Inaugurée en 2008 sur les ruines de l'ancien Parlement tchétchène détruit par les bombes russes, "la plus grande mosquée d'Europe (...) est déjà trop petite", affirme M. Khoutchiïev.
Qui l'a financée? "L'argent vient d'Allah", élude le maire, reprenant les mots de Ramzan Kadyrov. Mais surtout, de la Russie, qui a subventionné sans compter la reconstruction de Grozny.
Ramzan Kadyrov s'est aussi attelé dès son arrivée au pouvoir à liquider la rébellion islamiste de "l'Emirat du Caucase", née sur les ruines des formations indépendantistes tchétchènes qui ont combattu Moscou à la fin des années 1990 puis au début des années 2000.
"Il fallait absolument construire de nouvelles mosquées pour que les gens reviennent au bon islam", assure le maire.
Comprendre: qu'ils ne se laissent séduire ni par l'Emirat du Caucase, ni par l'organisation Etat islamique (EI), à qui l'Emirat a prêté allégeance et dont de nombreux Tchétchènes ont rejoint les rangs en Syrie et en Irak, selon les services de sécurité russes.
- Ambitions internationales -
Depuis quelques années, Ramzan Kadyrov multiplie aussi les déclarations à destination du monde musulman.

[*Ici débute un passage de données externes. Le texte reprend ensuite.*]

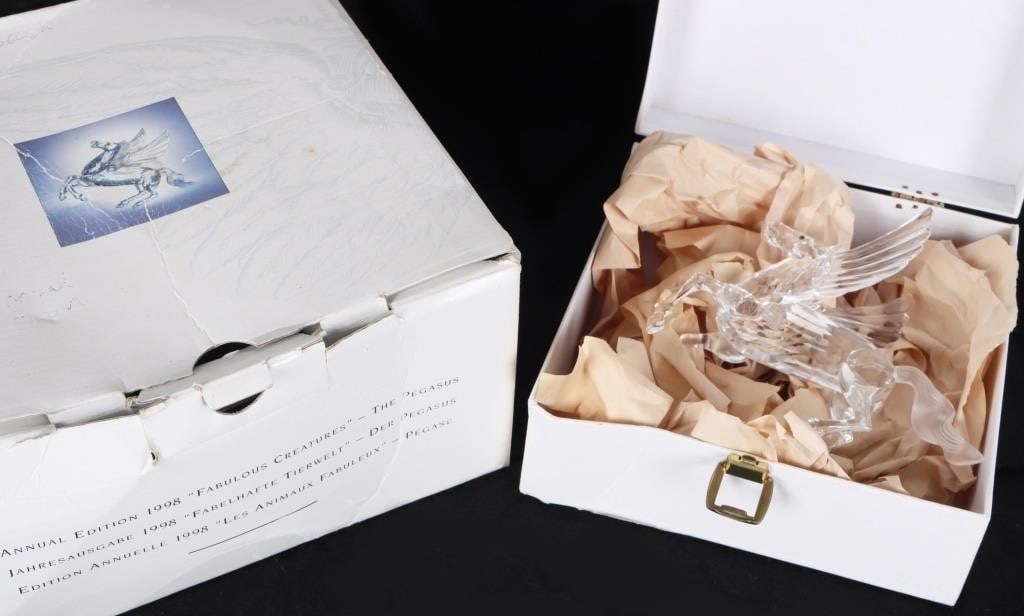 SWAROVSKI PEGASUS 1998 FABULOUS CREATURES W/ BOX: Swarovski 1998 Pegasus from the Fabulous Creatures series. Includes original box and most of the original packaging. Size: 6 x 5 x 3" Condition: See pictures. The box is worn.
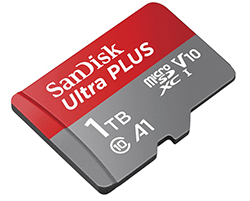 SanDisk microSDXC Ultra PLUS A1 UHS-I Speicherkarte (1TB, Class10, 160MB/s) für nur 88€ inkl. Versand (statt 120€)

Alors que l'esplanade des Mosquées à Jérusalem est le théâtre de violences meurtrières, il déclare son soutien aux Palestiniens sur son très suivi compte Instagram, affirmant qu'"Allah mettra au bon moment une épée dans les mains d'un guerrier de l'islam pour libérer (la mosquée) al-Aqsa".
Pour l'expert politique Nikolaï Petrov à Moscou, "on voit depuis longtemps que Kadyrov désire jouer un rôle particulier dans le monde musulman et cela, dès les manifestations contre Charlie Hebdo", lorsque plus d'un million de Tchétchènes avaient défilé le 19 janvier 2015 contre les caricatures de Mahomet publiées par l'hebdomadaire satirique français, cible d'une attaque jihadiste meurtrière quelques jours auparavant.
"Ces déclarations sur Israël et la Palestine, le scandale sur les homosexuels (persécutés) en Tchétchénie, tout cela ne fait que renforcer sa position, son statut de chef de file", ajoute-t-il.
Et, au même titre que son dirigeant, Grozny ambitionne d'avoir une réputation internationale auprès des musulmans. "Les gens viennent de très loin pour prier et étudier ici", assure le maire de la ville.
Au risque d'exclure ceux qui ne sont pas musulmans, comme Elena, qui vit à Grozny depuis sa naissance. Russe orthodoxe, elle se "sent comme une citoyenne de seconde zone."
"Grozny est une ville musulmane et pour les musulmans", résume-t-elle.